Although I do at this point spend a lot of my social media time on Bluesky, I am on both Threads and Mastodon frequently as well, and I find that each scratches a slightly different social media itch. Bluesky is the hangout, Threads is where I talk about politics and social stuff, and Mastodon is where I engage in general nerdery. These divisions are not strict, and I do a little bit of everything on each site (and each get pet pictures and commentary on the writing life), but in general this is how it susses out. When I l first started ramping down my presence on the former Twitter and then stopped posting on it entirely, I assumed that I would end up choosing a single site to take over the role it played in my social media diet. Several months on, I don’t feel like that any more. I’m perfectly content to use three sites for slightly different things, and with slightly different audiences. Is this going to work for everyone? Maybe not, but I’m not everyone, I’m me, and for me, it’s working quite well.

Speaking of the former Twitter, a few months on it surprises me how little I miss it. One part of that is that most of the people I followed on Twitter are now on Bluesky/Mastodon/Threads, so I don’t feel their lack. I didn’t rely on Twitter for news and followed hardly any celebrities there, and those I did have Instagram accounts anyway, so done and done. The other part of it is that the amount of shitty people one has to wade through is much lower away from the former Twitter. I’ve spoken about Bluesky in this regard, but both Threads and Mastodon are better in this matter too. It may not stay this way forever, mind you — Threads had a substantial jump in bots when Europe came online (hello, Russian bot factories!), and I imagine now that Bluesky is opening up, we’ll see more there too. But they at least feel more manageable, not the least because the “Don’t Engage, Just Block” ethos exists on those sites as well.

As a creative person needing to tell people what I’m doing, I did have concerns about how (ugh) marketing my personal brand would be affected. Several months on, I needn’t have worried. I had more followers on the former Twitter than I have on Bluesky/Threads/Mastodon combined… for now, and by not as much as you might think: 194k on the former Twitter vs. about 130k on B/T/M combined. It seems to me that more of the accounts on the newer services actually have a real person behind them, who is signing in and using the service. Engagement feels good on all my post-Twitter services. Also, it took 15 years to peak at 200k followers on Twitter; all the followers on Bluesky and Threads, and about a third of them on Mastodon, have arrived since last April. There’s momentum there. The former Twitter feels eminently replaceable for career purposes.
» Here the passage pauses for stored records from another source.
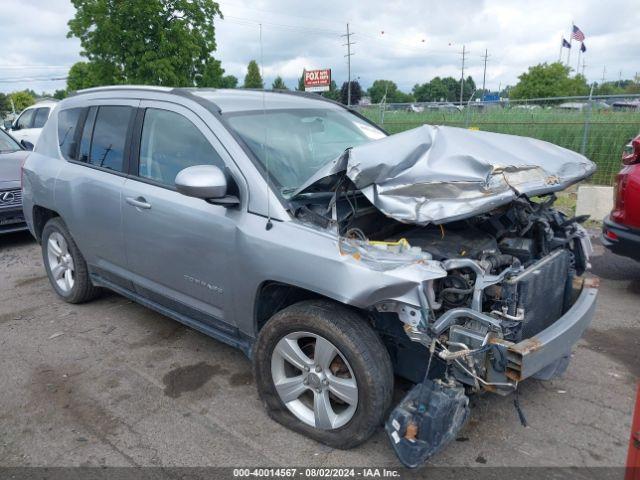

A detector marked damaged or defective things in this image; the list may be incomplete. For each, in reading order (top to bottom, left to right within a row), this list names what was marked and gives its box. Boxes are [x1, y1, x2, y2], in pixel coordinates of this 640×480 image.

damaged jeep compass [21, 87, 600, 468]
crumpled hood [292, 126, 596, 226]
front crash damage [290, 124, 600, 468]
detached front bumper [490, 278, 600, 386]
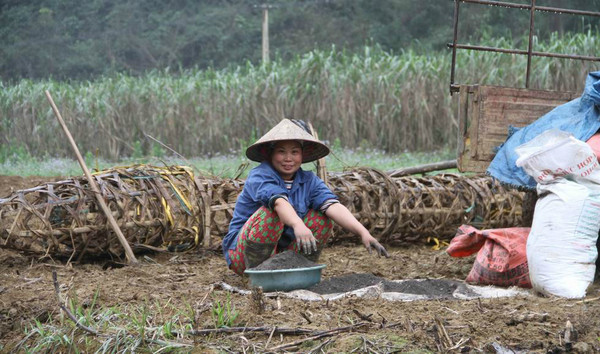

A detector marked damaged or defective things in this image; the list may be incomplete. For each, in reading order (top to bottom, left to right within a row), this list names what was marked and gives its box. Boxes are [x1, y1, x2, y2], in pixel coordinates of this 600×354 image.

rusty metal panel [458, 86, 580, 174]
I don’t ever plan to go back to the former Twitter; for my purposes the only thing it’s useful for now is as a honeypot for existing and aspiring fascists. Easier for the FBI, and the rest of us, if they all stay there. I don’t hold it against the non-fascists who stay on the former Twitter, because they still have their communities there and moving everything is a real pain in the ass. That said, now that Bluesky is out of beta, Threads has 130 million users, and Mastodon has been Mastodonning for eight years now, there really has never been a better time to leave the former Twitter. Make the leap if you want to. Wherever you land, people will be there.

And wherever else you go — see you there.